After a two month backpack in 2013 I thought 2014 would be a quieter year 'trip wise' and in terms of what new clothing and equipment I would use, a year of lesser accumulation. No lengthy trans-national hikes this year but a lot of satisfying time in the wilds nonetheless. A couple of outings have proved challenging certainly, again the far north is my focus when time and money permits. Other trips have been closer to home and proved that I don't need to venture far even to enjoy time outdoors. After all it's about exercise in the fresh air and a quiet repose thereafter (ie tea, food, whisky and bed somewhere nice!).
Stuff facilitates that, clothing and equipment specifically. I'm surprised by the end of 2014 as to how much stuff I've acquired and run through! There's been some change in one or two key pieces and I'm embarrassed to say I've squirreled away quite a bit over the course of the calendar year. In my defence I've recycled a lot of value through selling unwanted and unused gear on ebay. I'm always pleasantly surprised how much I've got for various pieces and in effect it's allowed me to upgrade kit. Some useful second hand purchases as well.
Accordingly, a quick run through the year and my thoughts on what's got me out there, what's worked and what hasn't. I'll add now that anything from Paramo or Pacerpole I've been given, the rest I've paid for myself.
Perhaps my biggest disappointment of the year was with the MLD Trailstar. I ended up damaging two (both incidences in some nasty Highland weather, worked fine in the gentler Lakes). My first trip in March (here) was enjoyable despite severe damage to the shelter after gusts in Glen Lyon. That saw a rapid change in plan and a cross country route hastily adopted instead of more Munros. Up the West Highland line to Corrour an easterly route and search for sheltered pitches got me to Glen Feshie nonetheless but had my question as to whether a Trailstar was the right shelter for me. Having spent over 70 nights in my Scarp the previous year I missed it's nailed down certainty. A tent is also an all in one package. I accessorized the Trailstar over the year with a Bearpawwd 'Pyra Net' inner, an 'Oooktub' and and 'As Tucas' door. Limping back from Scotland in March with a damaged shelter was a little depressing
Back home I contacted Mountain Laurel Design who sent me a replacement shelter no quibble after I mailed Ron my tale of woe. I can't fault that level of service and remain impressed.
Still focused on backpacking early spring saw me acquire a 'Nemo Zor Regular' sleeping mat on ebay for a bargain £40. I am still impressed by it and it's by far my favourite mat in terms of weight and comfort. That said I decided to do something with the bust Neo Air that had sat in my cupboard for over 12 months. I sent it back to Thermarest and was delighted to receive a new one a week later with no further ado. I guess their assertion of a lifetime warranty really means that!

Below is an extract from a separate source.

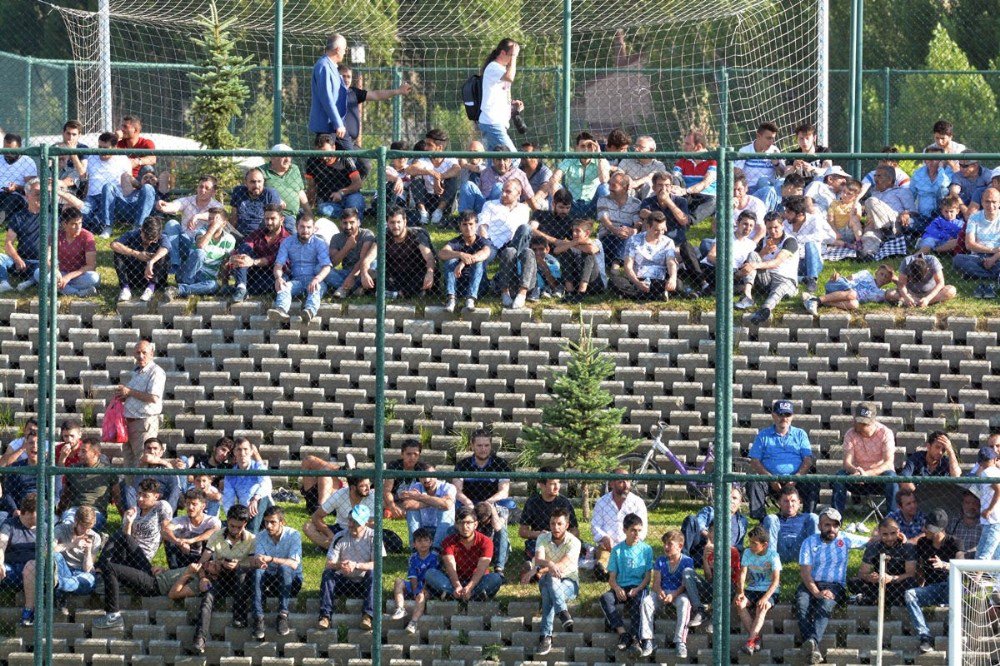 B.b. Erzurumspor, Karaca Birlikspor İle Yaptığı Özel Karşılaşmayı 1-0 Kazandı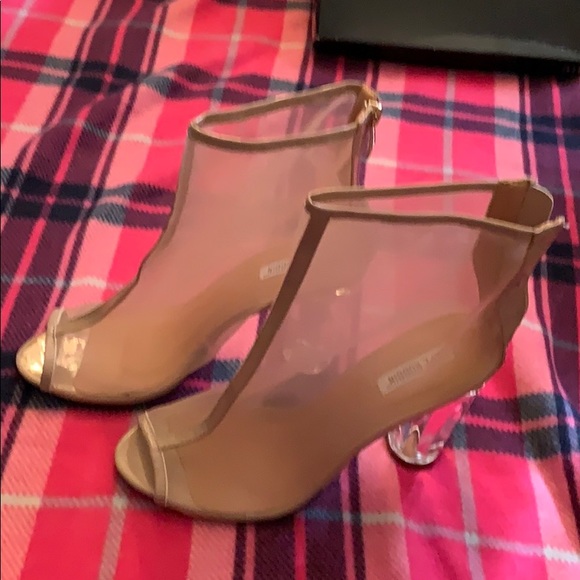 Tan mesh peep toe sandals - Picture 2 of 6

Another 'discipline' runs parallel to walking and gets me outdoors most days of the week. I've been a fairly committed runner for several years now. Moving to Sussex had me switch to trail running and, equally, I flipped from road marathons to off road 'ultras'. I think I peaked running wise a couple of years ago with some strong events performances at the Fellsman and a good Lakeland 100 completion. I'll run 'till I'm in a box, it's simply joyful. Equally your body is the most important piece of outdoor kit and it needs frequent use to keep it maintained.
A decent winter's training had me move into April with the 'Fellsman' coming at me hard. When the rain stopped falling hard in early March spring came to southern England fairly early. As a 'Fellsman' warm up I got out on the downs and ushered in my birthday. An overnight '50 miler' is more fun than it sounds (see here) and I knock off half of a national trail on an overnighter.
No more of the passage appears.